Although some, many and possibly most Mega customers used the firm’s platform to share and access unlicensed music, movies and TV shows, the MegaUpload file-transfer and digital locker service did have legitimate uses, to help people distribute and store their own content and files. Since MegaUpload was taken offline users have been unable to access those files, and there are fears the server companies whose hardware the data is stored on might delete the content, given the Mega company is no longer paying its bills and all its bank accounts having been frozen.

The US authorities which orchestrated the Mega shut down have so far washed their hands of any legitimate data that is currently inaccessible to its owners, and which could still be deleted, though the lawyer representing Team Mega said earlier this week that he had negotiated with the two hosting companies – Carpathia Hosting and Cogent Communications – that no files would be deleted for at least a fortnight.

Carpathia went further yesterday, and said it would hold onto the data for as long as possible, and would give the world seven days notice before anything happened to files stored on its servers. Explaining that, for undisclosed reasons (possibly technical, possibly legal), it couldn’t currently access Mega files stored on its servers, Carpathia urged any affected customers unable to access legitimate content to contact the Electronic Frontier Foundation which is investigating legal routes to ensure former Mega customers can get their data back. The two organisations have set up a website called containing information for affected people.

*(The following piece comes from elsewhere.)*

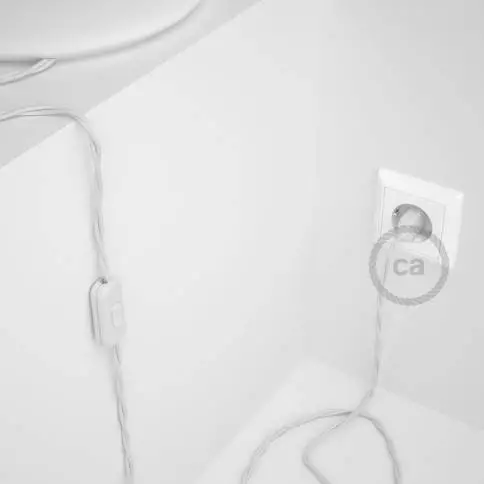 Mini Spotlight Strahler GU1d0 mit SnakeBis Zuleitung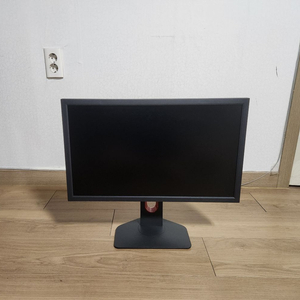 벤큐xl2411k 24인치 게이밍모니터 이미지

In a statement, the CMO of Carpathia Hosting, Brian Winter, told reporters: “Carpathia does not have access to any data for MegaUpload customers. [But] we support the EFF and their efforts to help those users that stored legitimate, non-infringing files with MegaUpload to retrieve their data”.

Meanwhile EFF attorney Julie Samuels added: “EFF is troubled that so many lawful users of had their property taken from them without warning and that the government has taken no steps to help them. We think it’s important that these users have their voices heard as this process moves forward”.

One would have thought there was a great opportunity here for the movie studios and music majors who pressured the US authorities to shut down the Mega business to score some positive PR points by backing efforts to enable legitimate MegaUpload users to retrieve their data. While it’s not clear what percentage of Mega users hosted legitimate content on the web firm’s platform – and it may be small -in standing by and quietly watching those users’ data be deleted the entertainment giants are opening themselves up to serious charges of hypocrisy – “hey Mr Congressman, pass new laws to protect our content, but as for your content Mr Voter, fuck you, who cares?”

And in the context of the successes enjoyed by the Wikipedia-led protest against new anti-piracy laws in the US last month, and with an albeit anonymous online group now proposing a month long boycott of the entertainment industries in March, the music majors and movie studios could do with some positive PR just now.